Move #4. Gelin asserted publicly that Gallardo ‘falsely’ arrested him and that his both a rogue and bad cop.
Hey Mike…can I call you Mike? You were not falsely arrested. You failed to comply with a lawful order and then resisted when being taken into custody.
The fact that you acted like a spoiled child does not equate to Deputy Gallardo being anything less than professional. Your arrest was textbook.
It is at this point that I am reminded of a line from one of my favorite movies, Liar Liar. You want to avoid being arrested? To quote Jim Carey’s character Fletcher Reede, “Stop breaking the law, asshole!”
So, why would the Commissioner be so hellbent on making this accusation of false arrest? The DA refused to take the case.
Let me summarize that for you, Commissioner Gelin. You were not falsely arrested. It simply means the DA didn’t want to go to court. It means the charges were dropped. It doesn’t mean you were innocent.
In doing the research into this event, I came across numerous other infractions for the Commissioner, all of which were traffic related.
He has been cited for speeding.
Disobeying a lane control device.
Failure to provide proof of insurance.
Red light violations.
He currently has two open cases for violations.
One is more than a decade old.
Most people would have been slapped with major fines by this point and most likely wouldn’t even have a license anymore.
I reached out to Mayor Gomez for a statement. An email and a Facebook message have not yet been answered. It will be interesting to see what the official stance is on a member of the City Commission using that platform to address a personal issue, and to publicly defame a member of the local law enforcement community. Lest we forget, Gelin called Gallardo a liar and a rogue cop.
We spoke with retired NYPD Detective Rob O’Donnell, who currently serves as the Media Director for Brothers Before Others. I asked him his thoughts on Gelin’s comments and the platform with which he chose to convey them.
“Using his professional position and platform to demean an Officer who was just awarded a city officer of the month award, still in hand I may add, for arresting a Interpol murder suspect is the epitome of abuse of authority,” O’Donnell said. “This was nothing more than a personal vendetta and attack under the guise of public office and should be denounced by every level of government. The professionalism of this officer highlights what our nation’s officers go through day in and day out with the onslaught of false narrative attacks perpetuated by unethical leaders such as Commissioner Mike Gelin.”
Speaking of ethics, we have been unable to track down the code of conduct for the Tamarac City Commissioners.

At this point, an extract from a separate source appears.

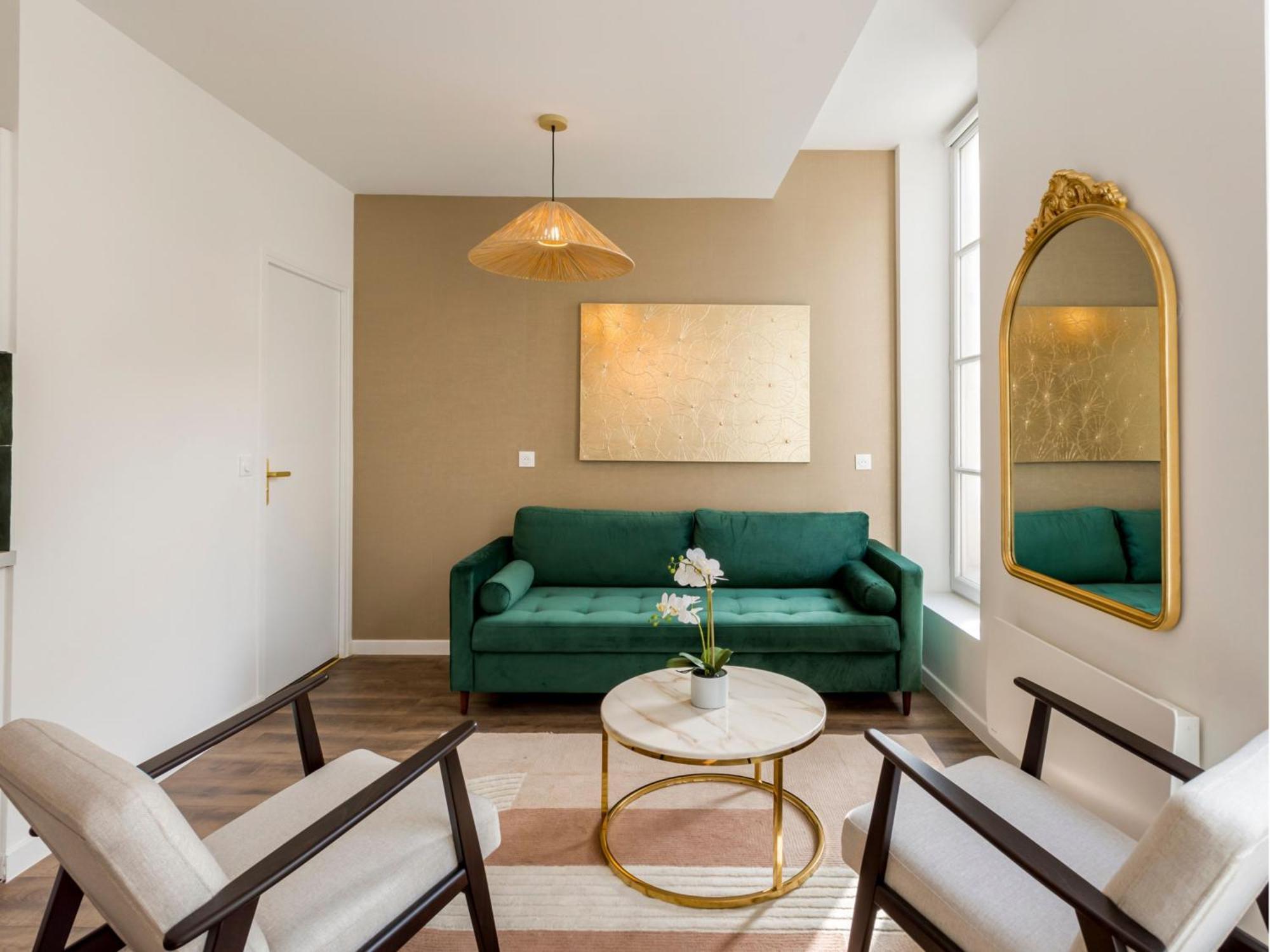 Cozy Apartment - Marais - Fbg Saint Antoine Parigi Esterno foto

Speaking of professionalism, Gelin has a recommendation on his LinkedIn profile.
Bonni Smith writes:
“Congratulations Mike on your new position. You are someone who is always there and active in the community. Most important bringing focus, generosity and really caring about the people you interact with. You bring a level of professionalism to any encounter that exceeds expectations.”
Hey Bonni…you may want to rethink that endorsement.

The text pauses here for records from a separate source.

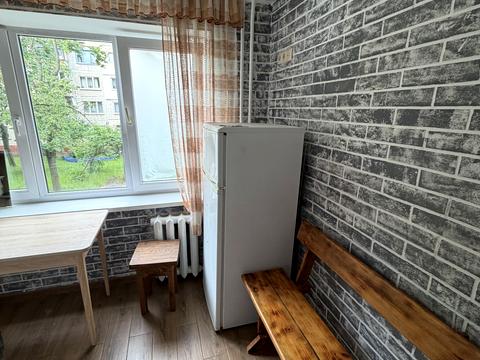 квартира за адресою Ірини Бекешкіної вул. (Генерала Карбишева), 8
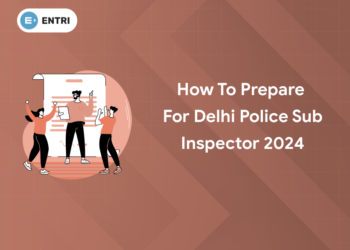 How to Prepare For Delhi Police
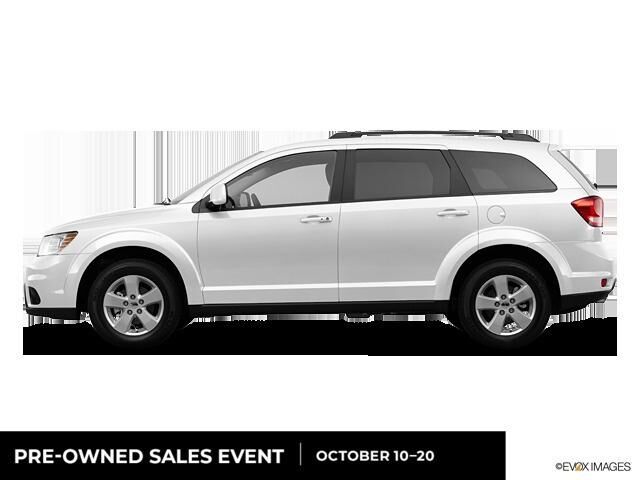 Dodge Journey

For the record, Gelin is relatively active on Twitter. He seems to endorse mandatory buybacks of semi-automatic rifles as laid out by Beto O’Rourke as well as the ability for convicted felons to vote.

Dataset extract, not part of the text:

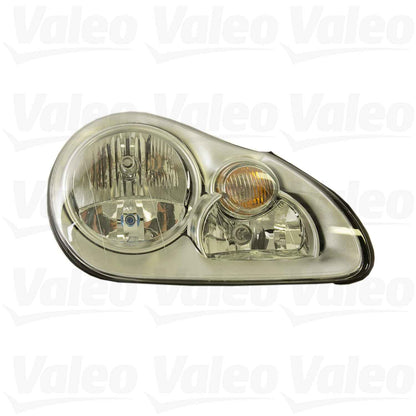 Valeo Headlight Assembly 46659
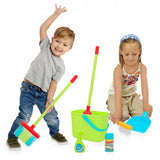 Cleaning & Storage Kit PlayGo 6 x 50 x 6 cm (4 Units)-3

He also seems to agree with the false narrative that Kavanaugh has ruined the credibility of the Supreme Court, Barr has ruined the credibility of the Attorney General and Trump has destroyed the credibility of the office of President of the United States.
Mike, Mike, Mike. Do you really want to pull at that thread? Credibility of office? After the childish stunt you pulled yesterday, you really do not have a leg to stand on when it comes to brining credibility to the office you hold.
I am issuing a challenge to Mayor Gomez and the other members of the Tamarac City Commission. Publicly admonish Commissioner Gelin. Put him on notice that his antics will not be tolerated.
I am issuing an even bigger challenge to the voting members of Tamarac Precinct 2. When Gelin is up for re-election, send him a message. Let him know that disrespect and attempts to publicly humiliate a member of your own law enforcement community is completely and utterly unacceptable.